# *****



## vinny (Dec 16, 2007)

i was out trapping and found some **** trail leading to a base of a oak tree and it looked like they enterd through a hole in the bottom.
could i put a coil spring in the hole and try to catch them when there comin or goin.
or put a dirt hole set near the tree or both

any input would be awsome


----------



## twd22285 (Dec 19, 2007)

hole in the base of the tree? or on the ground at the base of the tree?


----------



## vinny (Dec 16, 2007)

sorry in the base of the tree not in the ground


----------



## twd22285 (Dec 19, 2007)

i would try setting a blind set of some sort. probably w/ a coil spring right under the tracks leading into the hole. just do your best to make it look as natural as possible so the **** goes the same route it did before.i was watching a tc connor video and on his blind sets he actually makes a paw mark over the trap as if another animal has taken the same route. good luck and let me know if u nab one


----------



## tslabaugh (Jan 14, 2008)

Don't put it where the **** can get back to his hole after he is trapped.

***** are strong critters for their size and you'd have alot of fun trying to pull him out of that hole if he didn't pull himself out of the trap.


----------



## ND trapper (Nov 14, 2006)

tslabaugh said:


> Don't put it where the **** can get back to his hole after he is trapped.
> 
> ***** are strong critters for their size and you'd have alot of fun trying to pull him out of that hole if he didn't pull himself out of the trap.

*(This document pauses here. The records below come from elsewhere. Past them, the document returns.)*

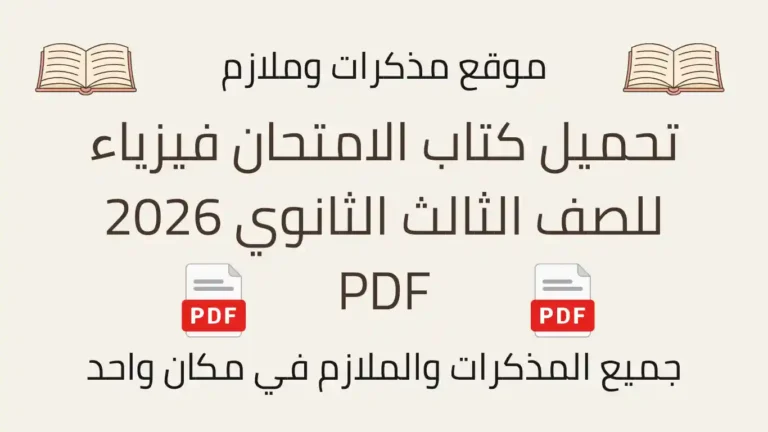تحميل كتاب الامتحان فيزياء للصف الثالث الثانوي 2026 PDF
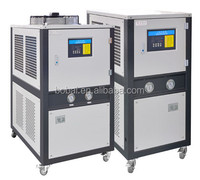 Unité de refroidissement d'eau automatique à air refroidi de 10 à 25 CV avec condenseur à calandre tubulaire, pompe, économie d'énergie et haute précision, portable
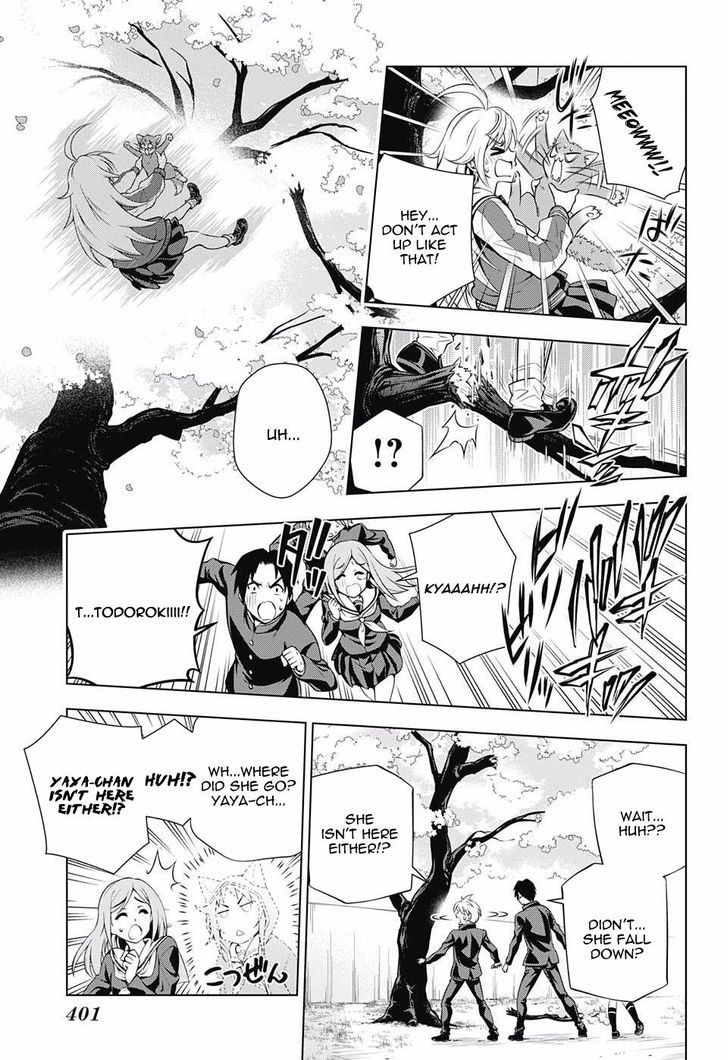 Yuragi Sou No Yuuna San 75 15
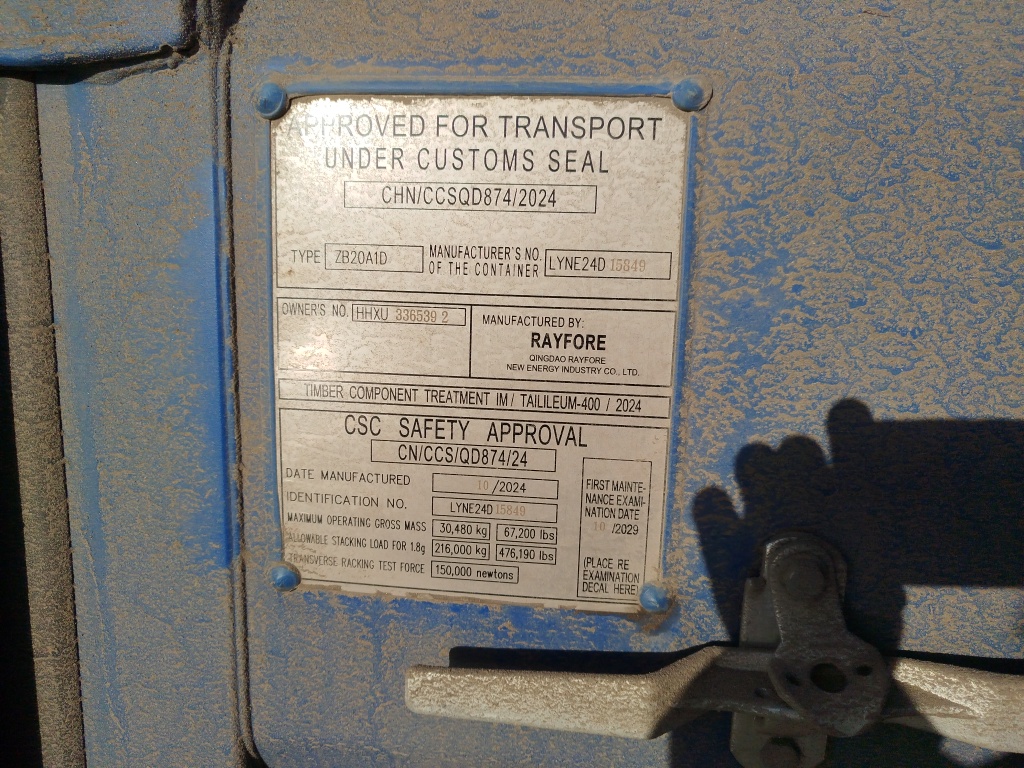 Морской контейнер HHXU3365392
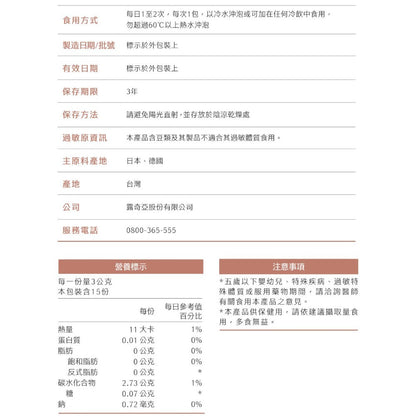 【Ruijia露奇亞】紅豆纖水沖泡飲 15包/盒 紅豆水 促進新陳代謝 養顏美容 無咖啡因 即沖即飲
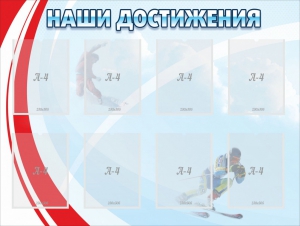 Стенд "Наши достижения" Вариант 7 - fgospostavki.ru - Киров
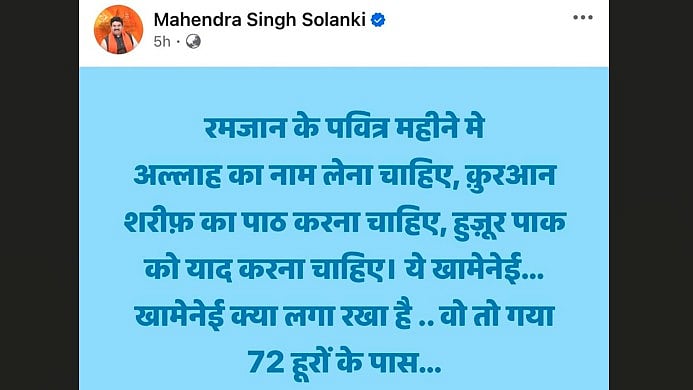 MP News: BJP MP’s Inflammable Post After Death Of Iran’s Supreme Leader Ayatullah Ali Khamenei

Good sound advice right there. If body grip traps are legal in your state I would set the trail with three to five body grips. Chances are there are more than just one **** using that trail and den unless it is an old dominate male.  If body grips are not legal I would set some foot holds along the trail.


----------



## dangrv2 (Jan 10, 2008)

vinny said:


> i was out trapping and found some **** trail leading to a base of a oak tree and it looked like they enterd through a hole in the bottom.
> could i put a coil spring in the hole and try to catch them when there comin or goin.
> or put a dirt hole set near the tree or both
> 
> any input would be awsome


Check your State regulations. Here in PA we can't place a trap within 5 feet of a den.


----------